Back in 1996, a deadly virus was spread worldwide killing five billion people. Now in the 2020s where survivors live underground, scientists send convict James Cole (Willis) back in time to the '90s to gather information and a pure sample of the disease to help them find a cure...
Those who like their cinema all upbeat won't dig the mostly sombre tone, but it fits perfectly with the bleak and nightmarish vision at hand. While the mission is to save mankind, Gilliam wisely knows that realistically such a task is destined to fail and not merely accomplished with a white vest and gun. Beautiful glimmers of hope are evident (like Louis Armstrong's 'It's A Wonderful World'), yet each time the violent-yet-childlike Cole gets sent back to before the plague hit, it's one realistically hopeless situation after another.
First, to a too-early 1990, where he's incarcerated in an asylum with animal activist Jeffrey Goines (a show-stopping Brad Pitt, adding necessary humour). Then, mistakenly, to 1917 amid the First World War (adding credibility, time-travel here isn't an easy, exact-science), which neatly provides proof later on. Then finally, to '96 where a sympathetic psychiatrist (Madeline Stowe, getting it just right) slowly realises her patient may be onto something...

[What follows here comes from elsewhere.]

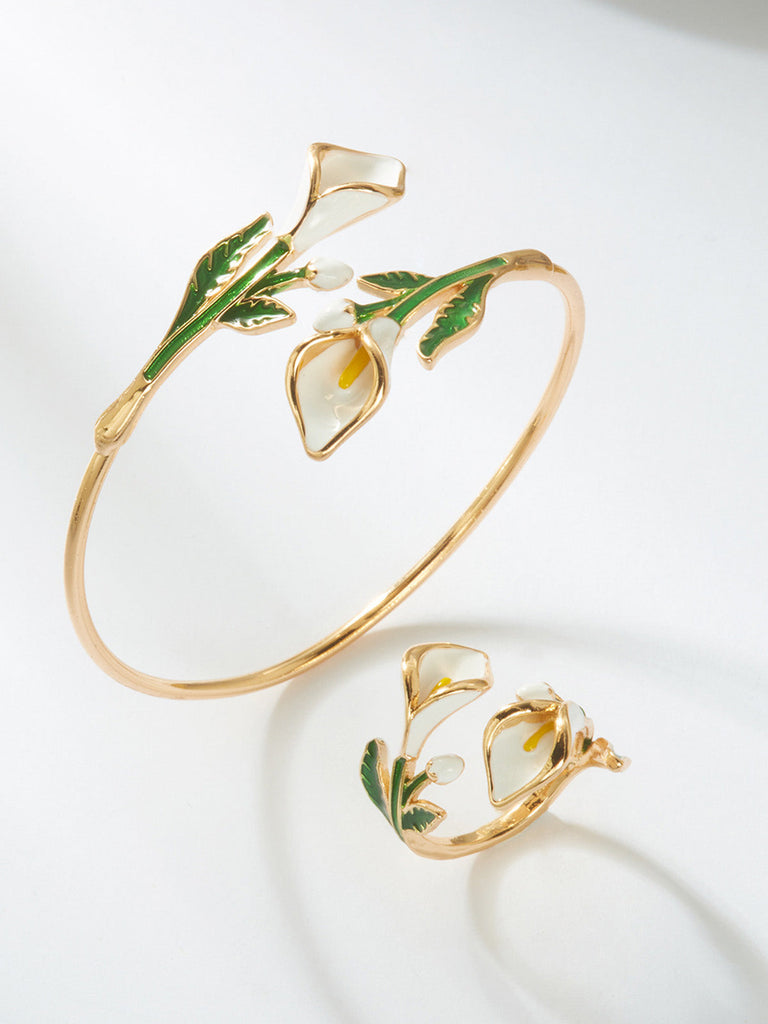 Vintage Armband mit Blumen und Ring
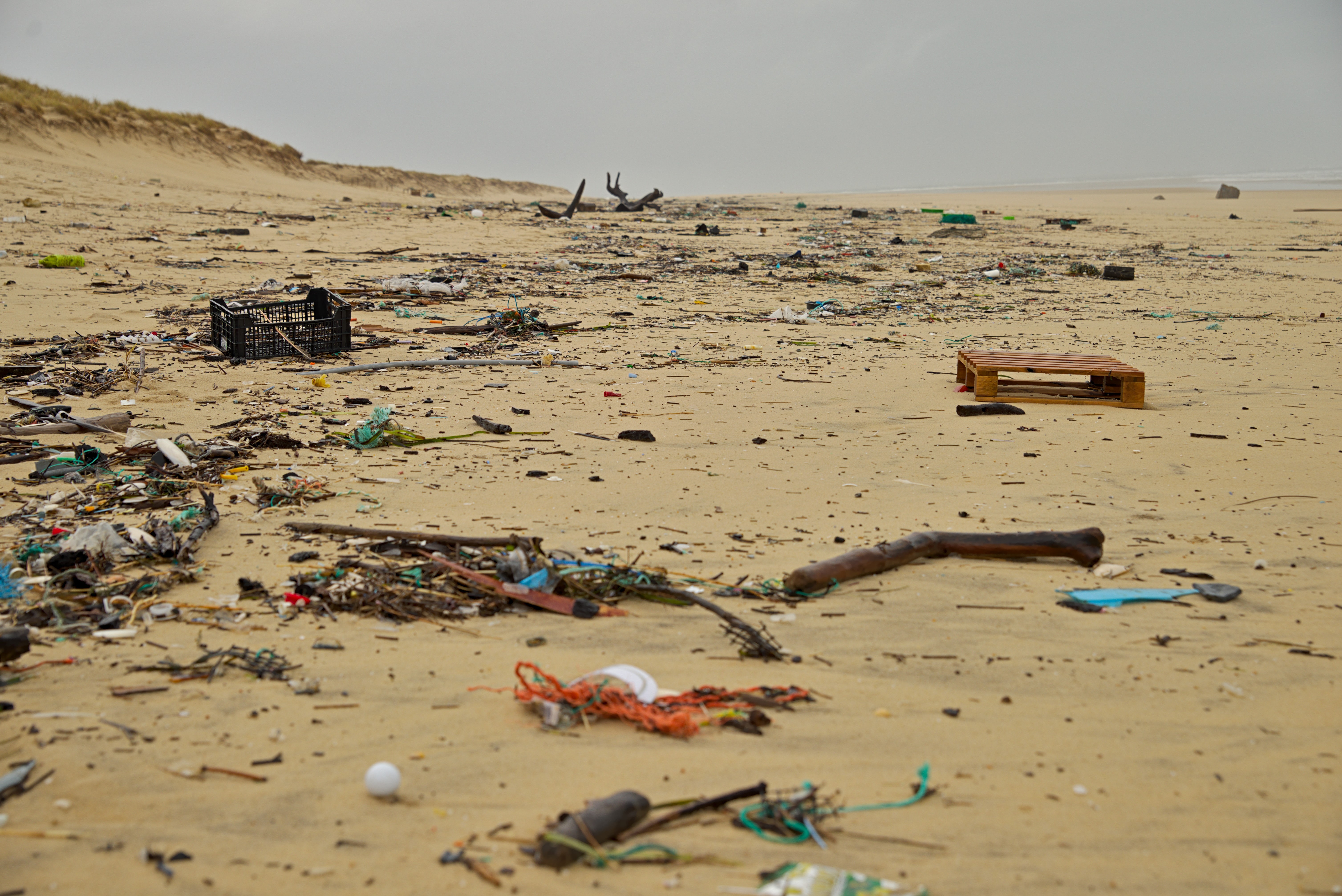 Trash littering a beach.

Of course, the idea that Cole might be crazy is toyed with, but for the most part it's clear the post-apocalyptic future is real. As with any time-travel movie, there are chicken-and-egg paradoxes that could provoke debate and insight with whiny, find-a-fault-with-everything filmfan you know. Thankfully though, the twists and turns are all cleverly telegraphed, each rug-pull challenging the mind rather than coming across as a cheap, shock-tactic. In particular, the final moments (don't worry, no spoiler ahead) aboard the plane are open to interpretation. Is the handshake salvation? Or merely an ironic meeting? Multiple viewings aren't essential, but you'll want them...
Dark, bleak and mind-bending, Terry Gilliam's Twelve Monkeys is as good as sci-fi gets.